This answers your first question, but let me point out an error in your thinking.


When we say $A$ has $N$ eigenvalues, we mean that the characteristic equation for $A$, $|\lambda I - A| = 0$, has $n$ zeroes; this is always true by the fundamental theorem of algebra, but some of the eigenvalues may be complex (e.g. a $2\times 2$ rotation matrix). Note, we count eigenvalues with multiplicity, so $\lambda$ could be repeated multiple times. We call the order of the zero $\lambda$ the algebraic multiplicity of $\lambda$.
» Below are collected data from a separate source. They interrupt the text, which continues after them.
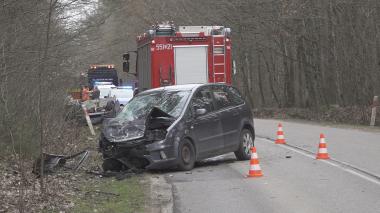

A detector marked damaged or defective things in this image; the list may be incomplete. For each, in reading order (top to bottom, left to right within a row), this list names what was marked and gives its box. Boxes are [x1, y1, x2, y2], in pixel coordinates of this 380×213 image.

crumpled car hood [104, 106, 175, 143]
shattered windshield [116, 90, 191, 122]
damaged silver car [99, 83, 255, 171]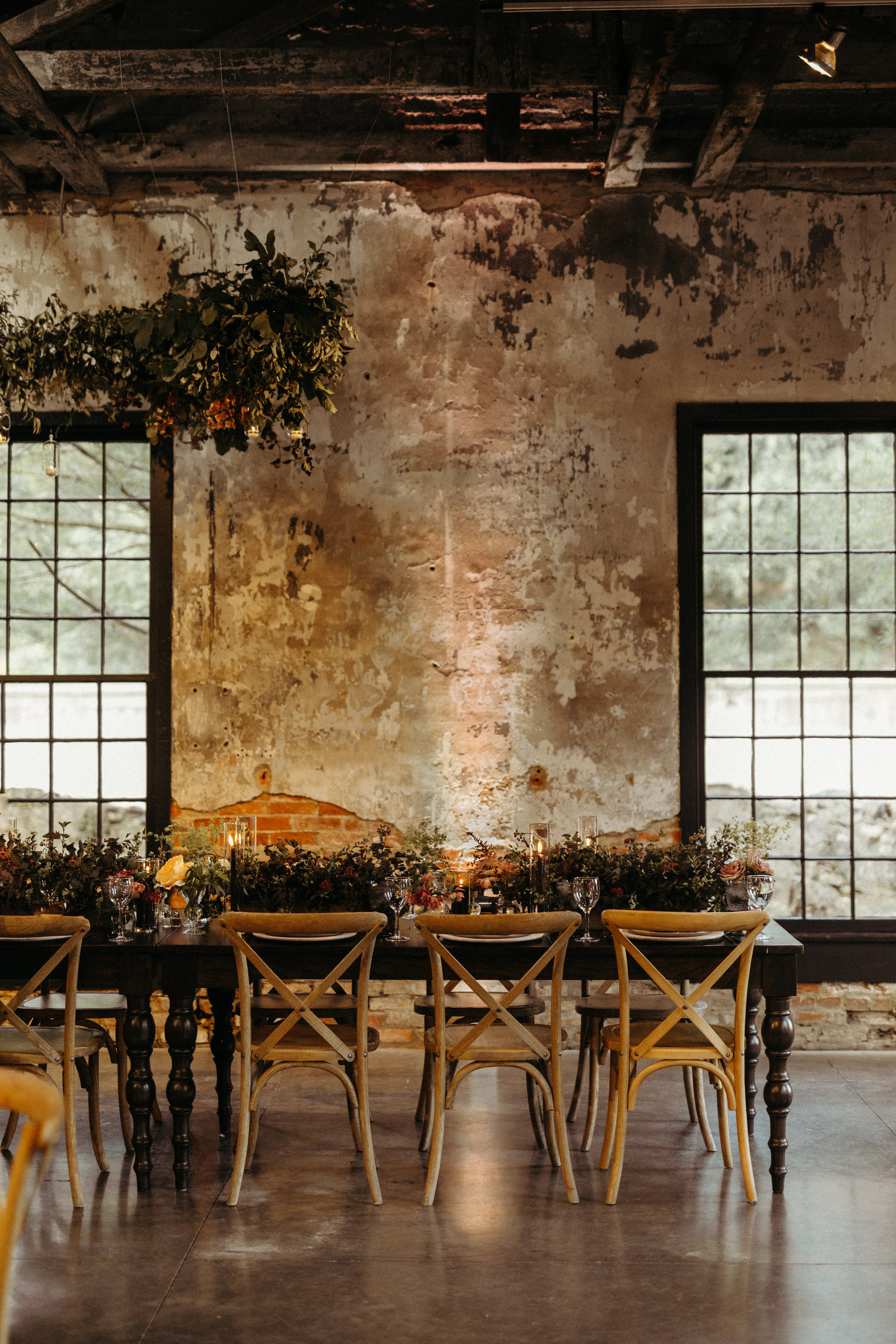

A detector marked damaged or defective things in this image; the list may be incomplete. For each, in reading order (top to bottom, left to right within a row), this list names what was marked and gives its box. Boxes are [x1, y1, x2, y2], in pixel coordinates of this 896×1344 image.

peeling paint wall [3, 184, 892, 844]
For any eigenvalue $\lambda$, some say that $\lambda$ has $k$ corresponding eigenvectors if $\dim E_{\lambda} = k$ (this terminology is not often defined but is instead used in verbal communication). If $A$ has distinct eigenvalues $\lambda_1, \dots, \lambda_M$, one might say that $A$ has $\dim E_{\lambda_1} + \dots + \dim E_{\lambda_M}$ corresponding eigenvectors. The dimension of $E_{\lambda}$ is called the geometric multiplicity of $\lambda$.
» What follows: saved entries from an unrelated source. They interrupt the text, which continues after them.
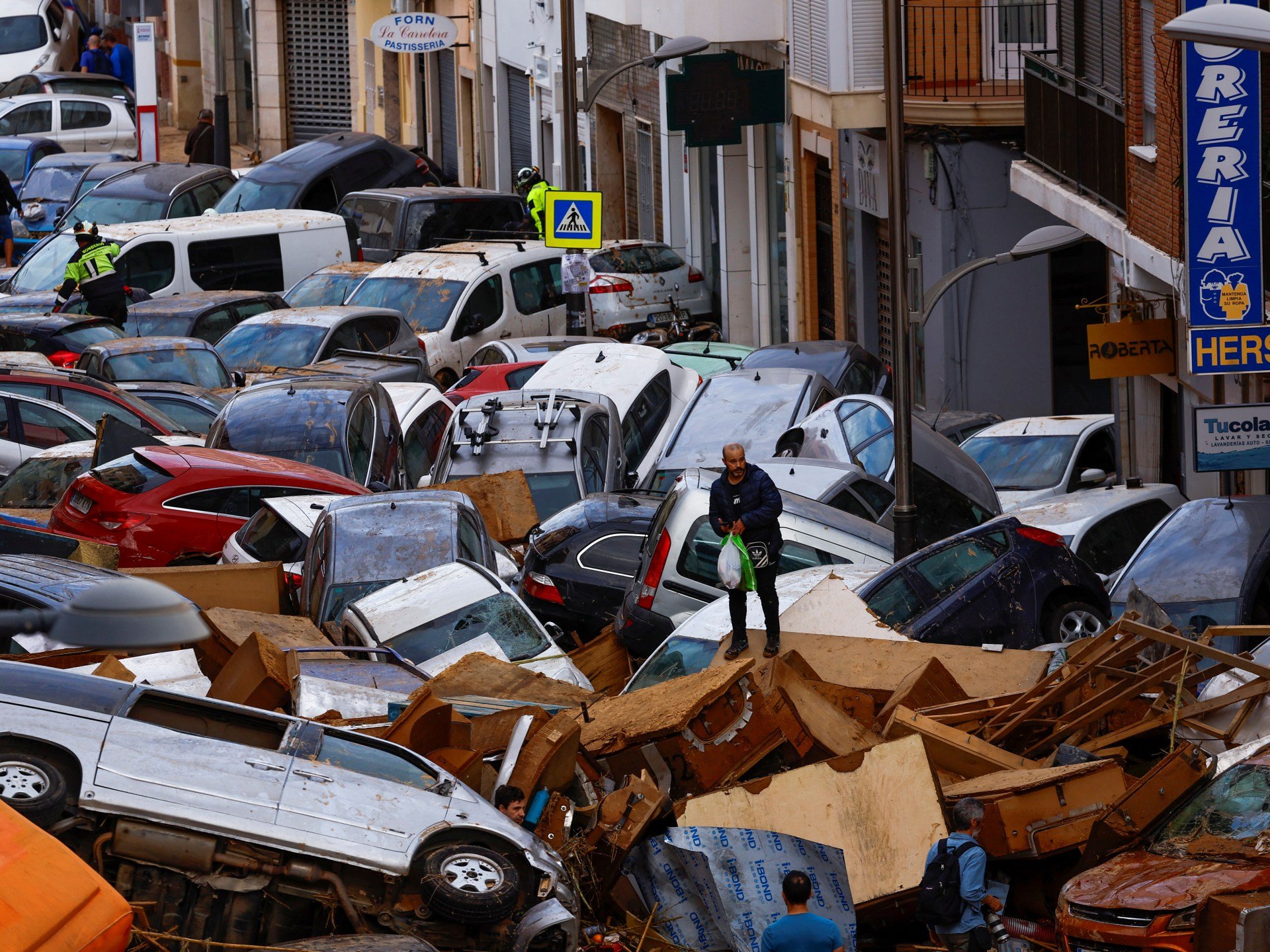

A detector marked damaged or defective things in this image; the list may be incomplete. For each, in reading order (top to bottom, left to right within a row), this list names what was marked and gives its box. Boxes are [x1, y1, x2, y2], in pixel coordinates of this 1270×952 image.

overturned car [0, 665, 576, 952]
car with broken windshield [0, 660, 581, 949]
crumpled metal sheet [627, 827, 858, 952]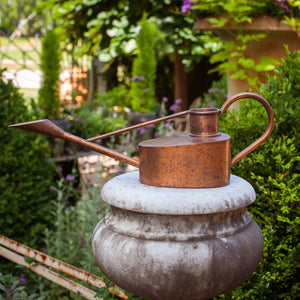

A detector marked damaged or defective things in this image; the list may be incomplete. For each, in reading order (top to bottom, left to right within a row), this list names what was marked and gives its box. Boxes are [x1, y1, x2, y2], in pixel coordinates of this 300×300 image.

rusty metal railing [0, 236, 127, 298]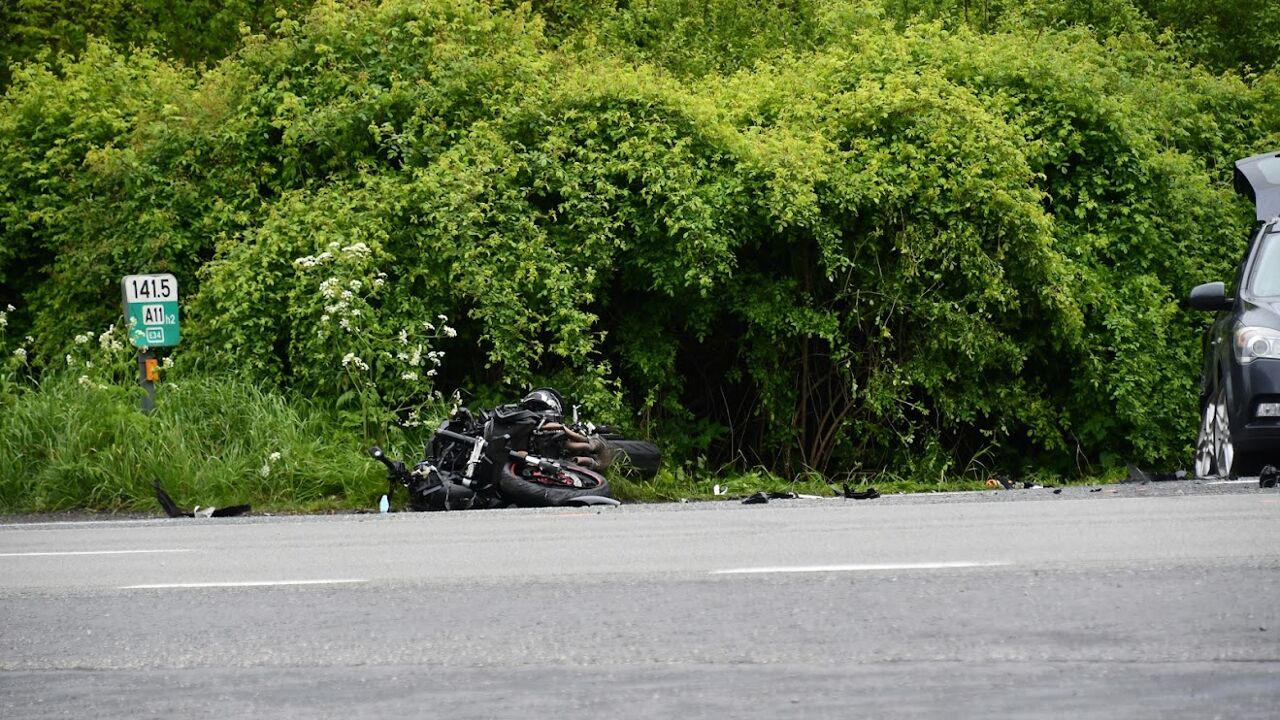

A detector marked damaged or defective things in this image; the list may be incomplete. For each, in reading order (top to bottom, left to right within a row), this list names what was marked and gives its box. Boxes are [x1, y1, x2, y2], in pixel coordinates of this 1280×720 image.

crashed motorcycle [368, 388, 660, 512]
damaged car [1192, 151, 1280, 476]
We have the following result relating the two notions of multiplicity:

The geometric multiplicity is less than or equal to the algebraic multiplicity.
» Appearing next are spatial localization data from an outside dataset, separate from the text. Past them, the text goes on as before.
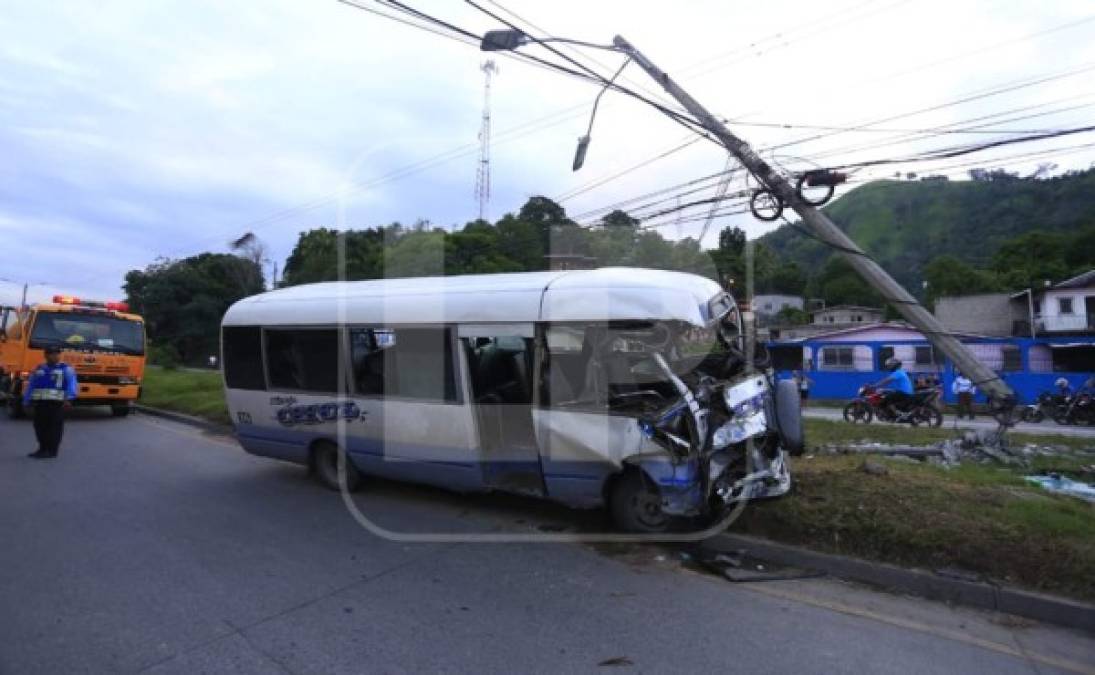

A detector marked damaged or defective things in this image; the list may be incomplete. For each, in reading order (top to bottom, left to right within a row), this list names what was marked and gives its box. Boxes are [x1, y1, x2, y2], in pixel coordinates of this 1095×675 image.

crashed bus front end [534, 289, 801, 532]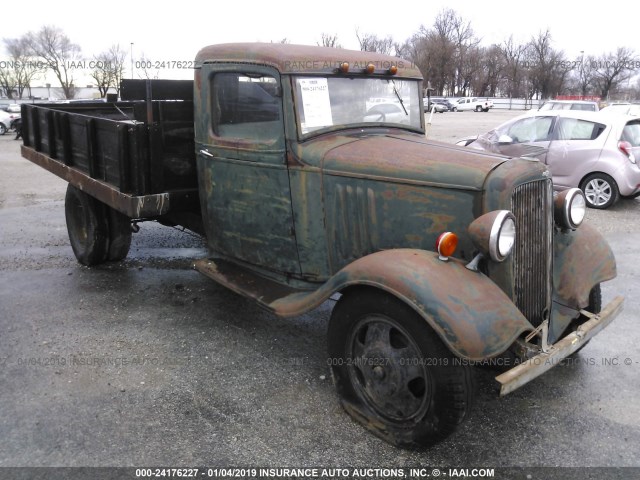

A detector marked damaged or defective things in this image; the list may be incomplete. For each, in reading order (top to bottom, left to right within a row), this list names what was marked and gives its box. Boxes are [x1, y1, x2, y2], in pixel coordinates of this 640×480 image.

rusty green truck [18, 43, 620, 448]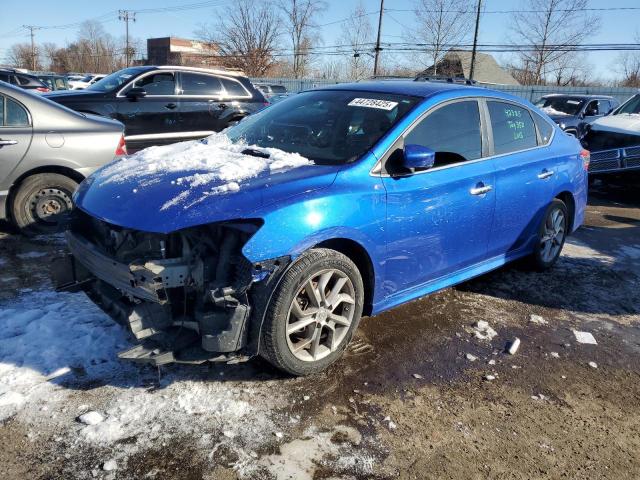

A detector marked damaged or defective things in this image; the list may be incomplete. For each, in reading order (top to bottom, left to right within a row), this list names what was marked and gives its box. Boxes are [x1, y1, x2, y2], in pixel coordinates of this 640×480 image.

crushed front end [52, 210, 288, 364]
damaged blue sedan [52, 81, 588, 376]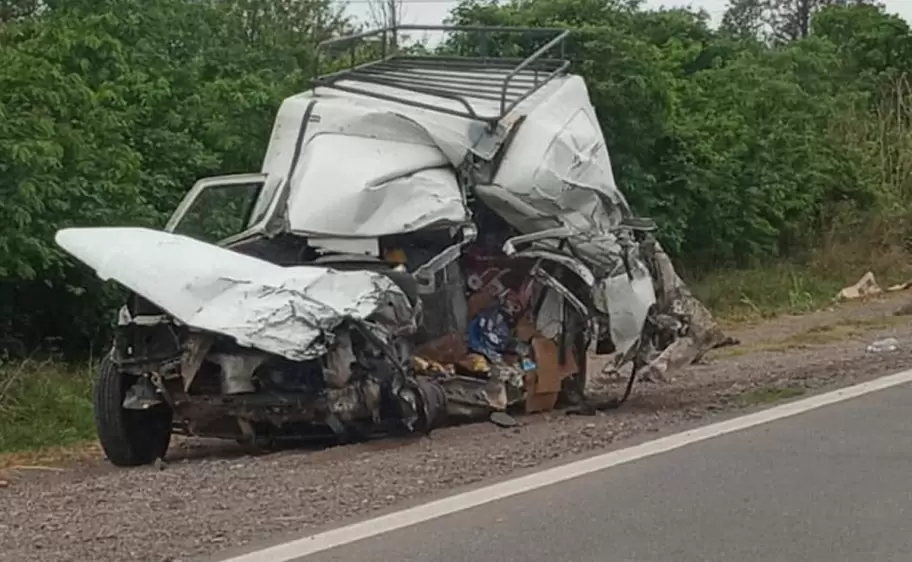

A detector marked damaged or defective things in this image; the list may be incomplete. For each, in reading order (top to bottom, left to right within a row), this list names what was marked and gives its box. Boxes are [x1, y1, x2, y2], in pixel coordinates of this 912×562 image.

crumpled hood [55, 226, 412, 358]
torn metal panel [53, 226, 416, 360]
wrecked white van [57, 25, 732, 464]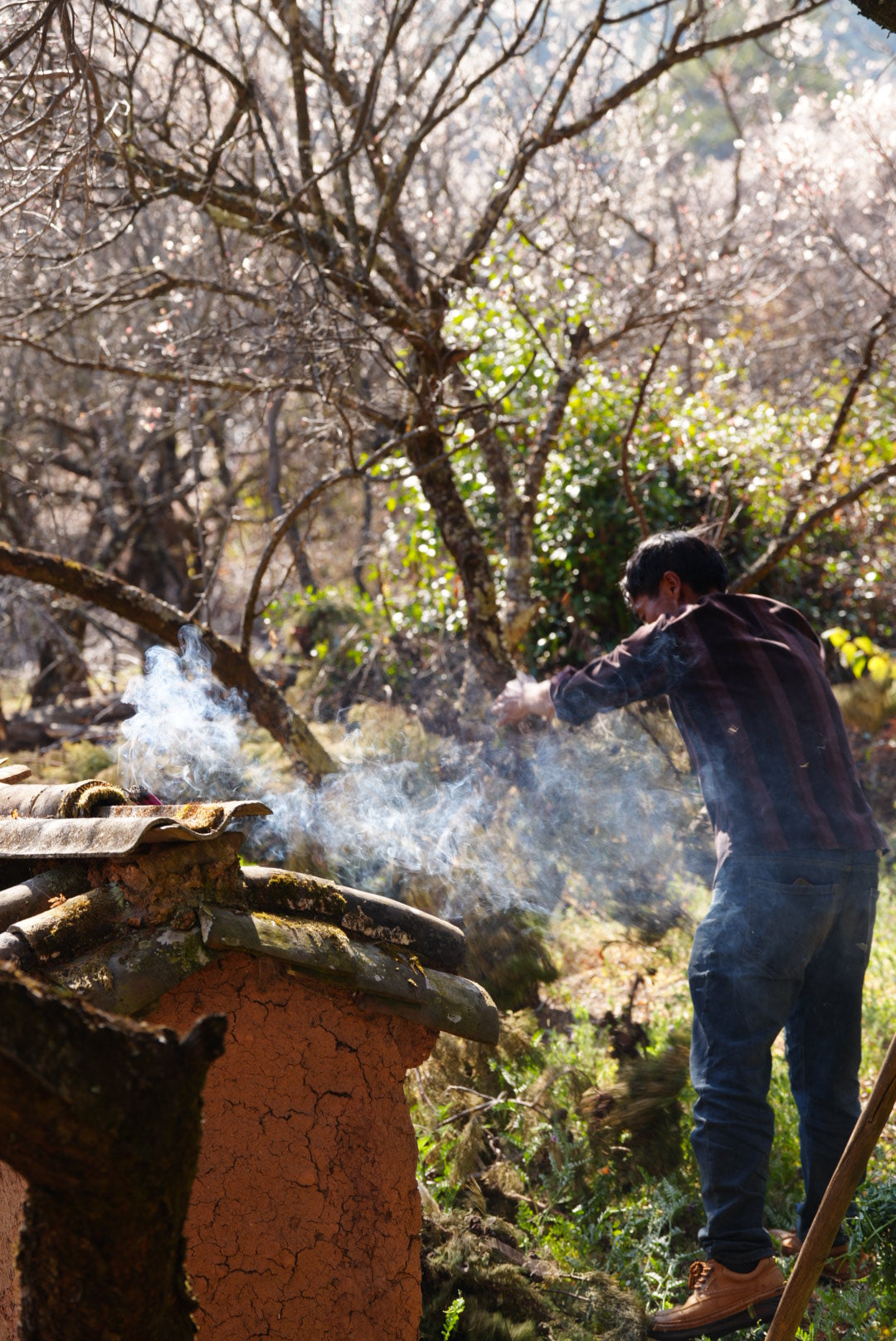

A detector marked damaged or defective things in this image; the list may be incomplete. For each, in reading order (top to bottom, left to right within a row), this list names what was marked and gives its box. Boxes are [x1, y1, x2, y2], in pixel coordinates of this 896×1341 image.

There are cases where the geometric multipicity of $\lambda$ is strictly less than the algebraic multiplicity, and therefore $A$ has less than $N$ corresponding eigenvectors. For example,

$$A = \left[\begin{matrix}1 & 1\\ 0 & 1\end{matrix}\right]$$

has a repeated eigenvalue of $1$ but only has a one-dimensional eigenspace.

To reconcile the difference between geometric multiplicity and algebraic multiplicity, one can consider generalised eigenvectors.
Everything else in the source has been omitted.